'''

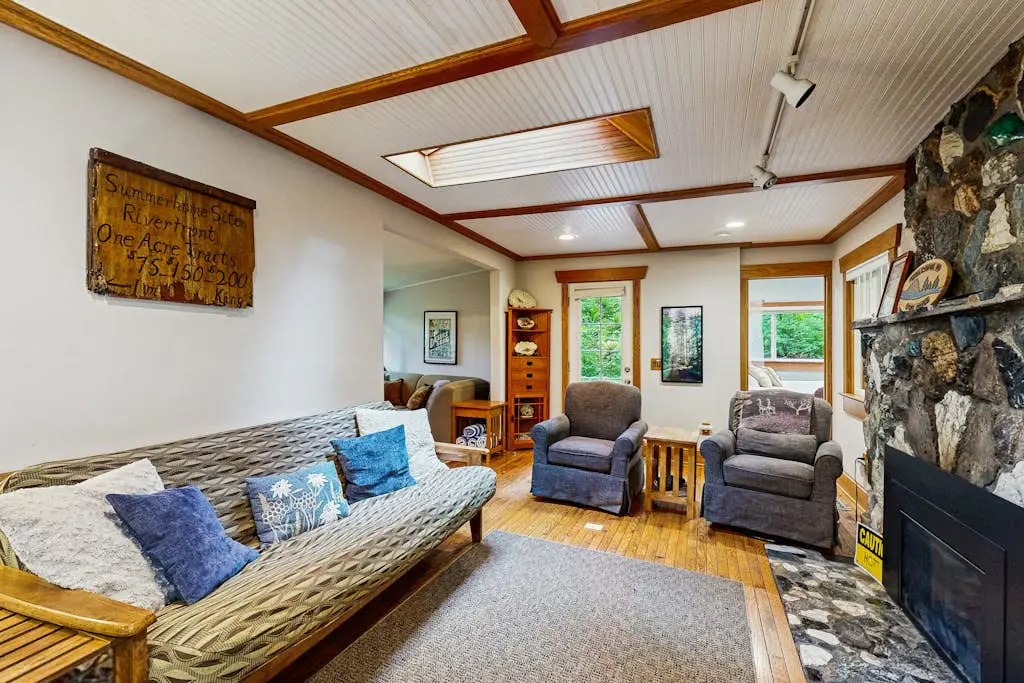 Eva's Cottage - Romancing the River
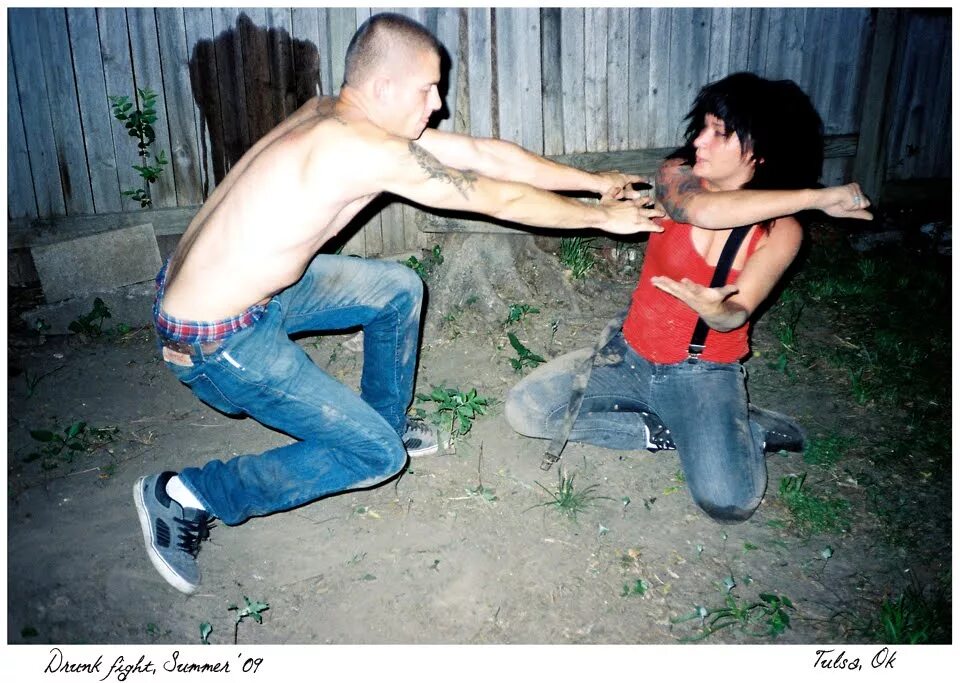 Пьяная пара фото. Парочка и третий лишний. Пьяная пара. Пьяные девушки с мужчинами. Неблагополучные пары.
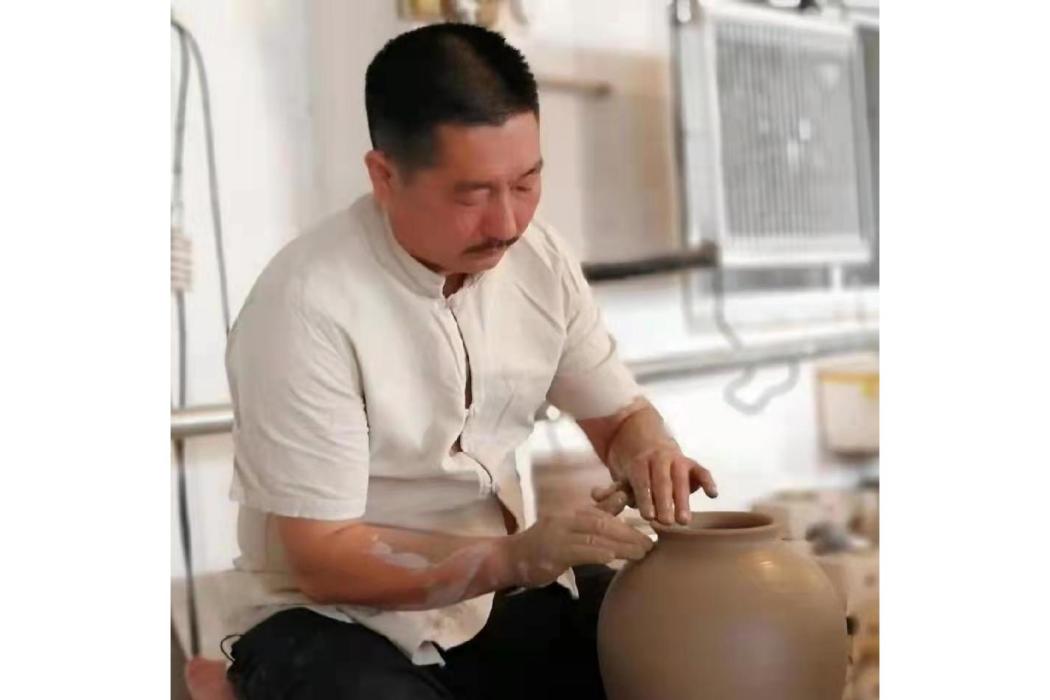 李俊鋒(陶瓷企業家) 李俊鋒(陶瓷企業家)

'''

_PROBLEM_. Please leave the images out and retype the rest of the material exactly.

_RESPONSE TO THE TASK_.
 Eva's Cottage - Romancing the River
 Пьяная пара фото. Парочка и третий лишний. Пьяная пара. Пьяные девушки с мужчинами. Неблагополучные пары.
 李俊鋒(陶瓷企業家) 李俊鋒(陶瓷企業家)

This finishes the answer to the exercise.